I tell her she's lucky, that permanently immature people are the children of God. I tell her about my telepathic powers, and I
suggest to her the possibility of remaining a child forever through sheer willpower. For the first time I am behaving like a child, talking like a child, in the grip of the wonder of childhood. After much discussion, Missy and I conclude that childhood is The Delightful State. We could stunt our hormone growth through willpower and telepathy, I tell her. We practice by levitating objects, but no matter how intense our thoughts, we cannot lift a dime. We do have some luck dissolving clouds. We lie on our backs and stare up at the sky, thinking deep thoughts, and eventually the clouds part for us.

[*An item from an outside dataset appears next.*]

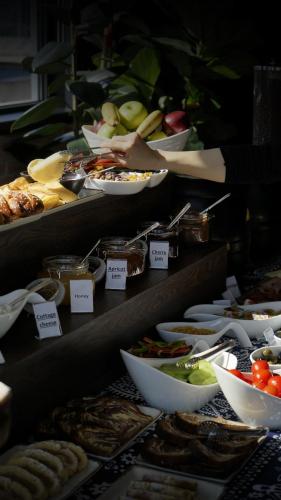 a buffet of different types of food on display at TbiliSee Hotel in Tbilisi City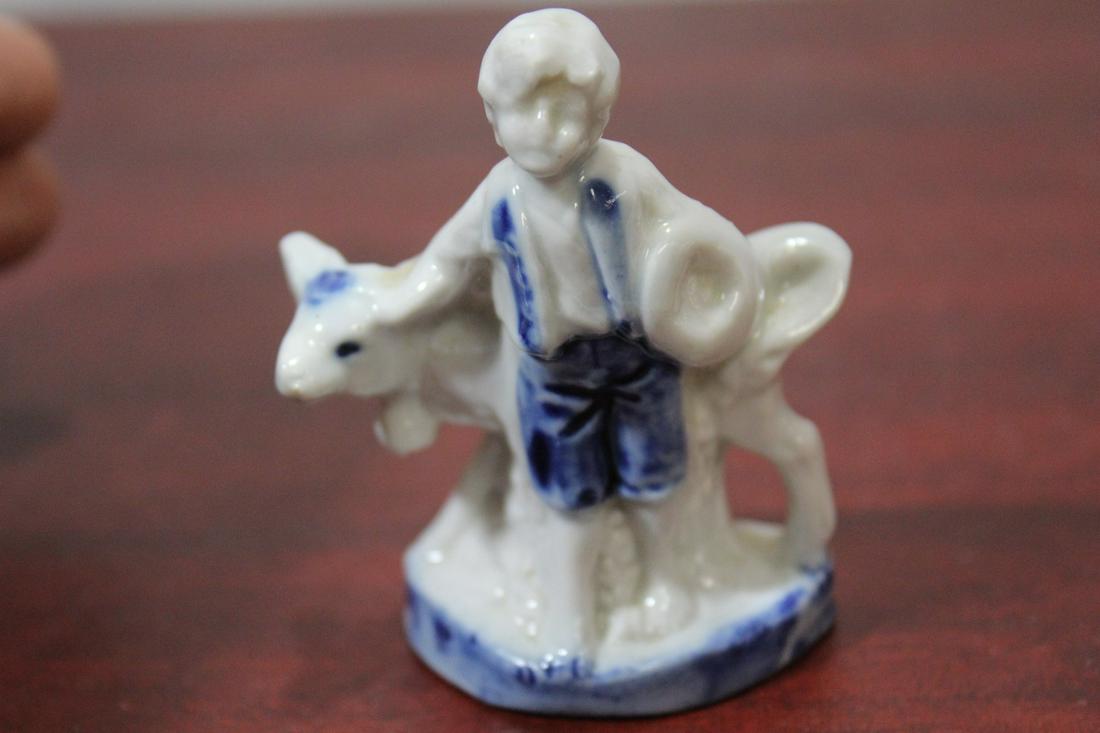 A Small Flow Blue and White German Figurine: 2 3/4" tall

“Do you want to become a teenager?” she asks one day as we lie on one of the many Mendelson decks while mentally locking in on a cotton-candy cloud.

“Never,” I say.

“I have secret thoughts that maybe I do, and, like, maybe I don't,” Missy says.

“Look at the terrible things they do,” I say. “They litter, they drink, they take drugs.”

“And they, like, have sex,” she says.

“Do you want to have sex?” I ask.

“I thought about having babies, but not sex—no, not sex. I couldn't have sex or babies anyway. I'm just a freak of nature.”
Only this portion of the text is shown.